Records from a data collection
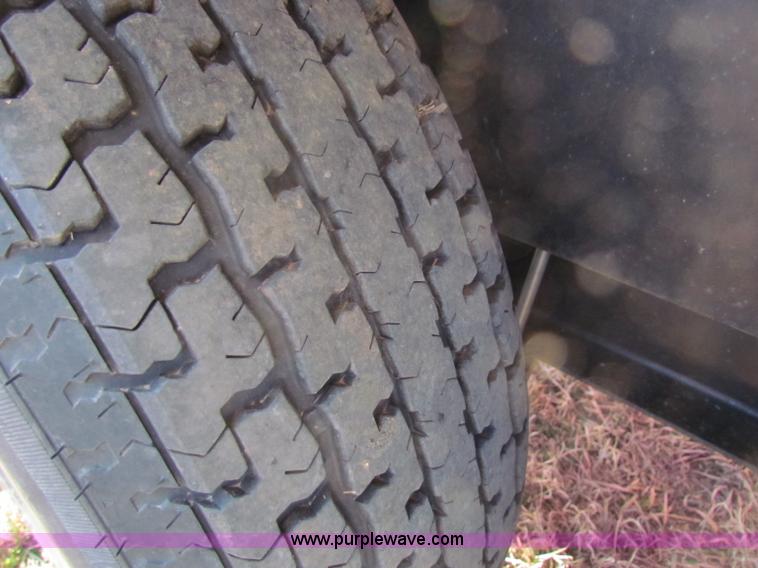 image for item I9643 2006 Minden Patriot 220 seed tender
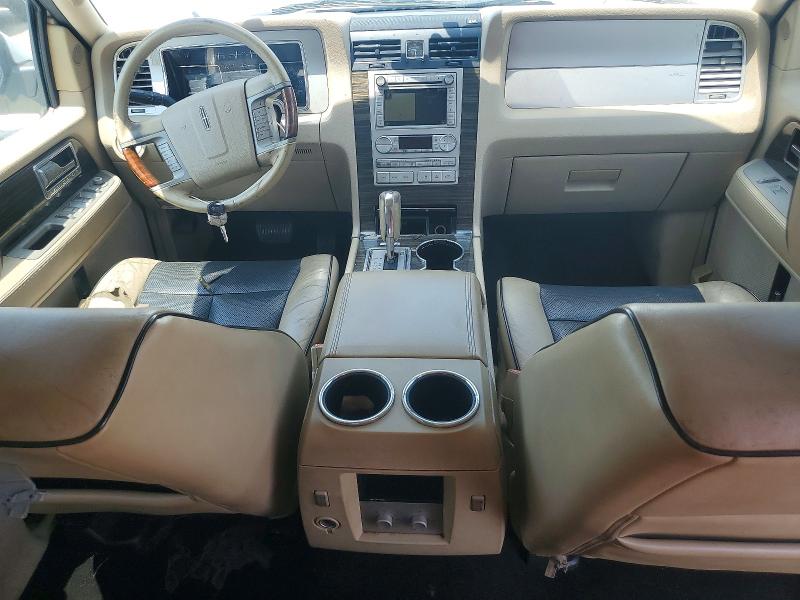 2009 Lincoln Navigator VIN 5LMFU275X9LJ00820 COPART salvage auction — VANDALISM, Sc - Cert Of Title-Salvage, sold $650 on 2026-07-20 (photo 8)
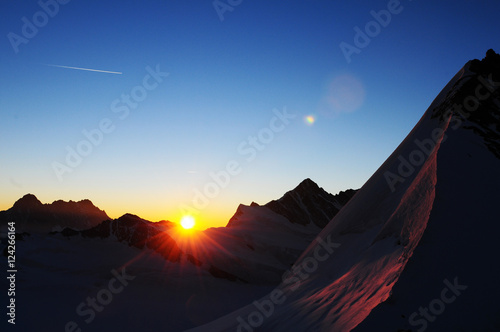 Sonnenuntergang beim Jungfraujoch von der Eigerhütte aus gesehen © gmcphotopress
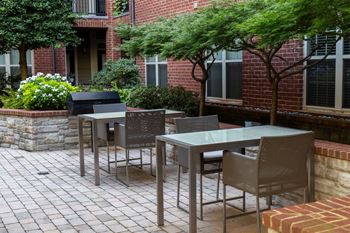 Beautifully landscaped courtyard ( click here for virtual tour)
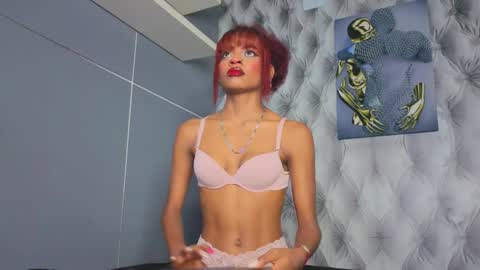  Hillary  online show from 09-18-25, 06:04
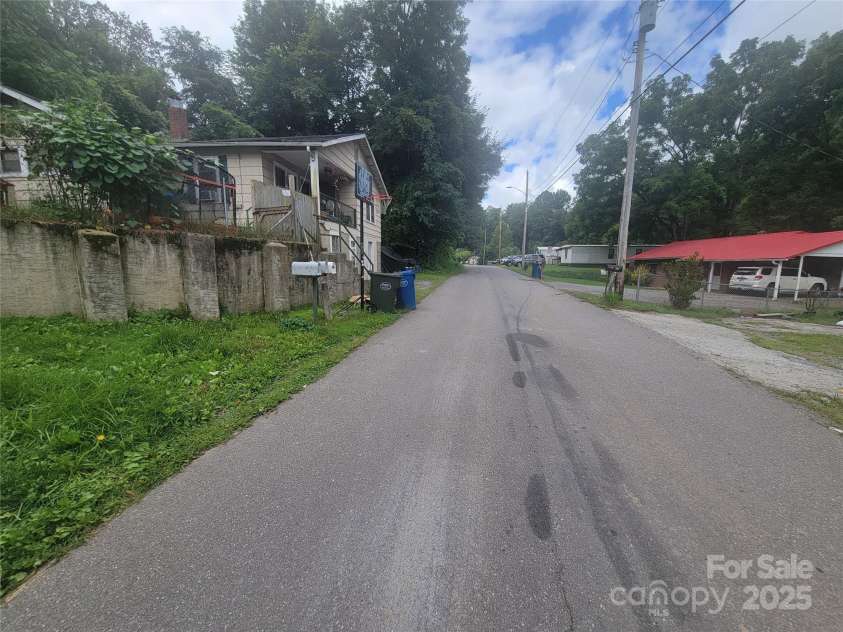 352 Welch Street, Waynesville, NC 28786.  MLS# CAR4292160, YatesRealty ID 32968.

> **Your goal**: Exactly the lines from the start of the entries above through the line with "Sonnenuntergang beim Jungfraujoch" should be reproduced, and nothing else; drop the pictures.

> **Response**:
 image for item I9643 2006 Minden Patriot 220 seed tender
 2009 Lincoln Navigator VIN 5LMFU275X9LJ00820 COPART salvage auction — VANDALISM, Sc - Cert Of Title-Salvage, sold $650 on 2026-07-20 (photo 8)
 Sonnenuntergang beim Jungfraujoch von der Eigerhütte aus gesehen © gmcphotopress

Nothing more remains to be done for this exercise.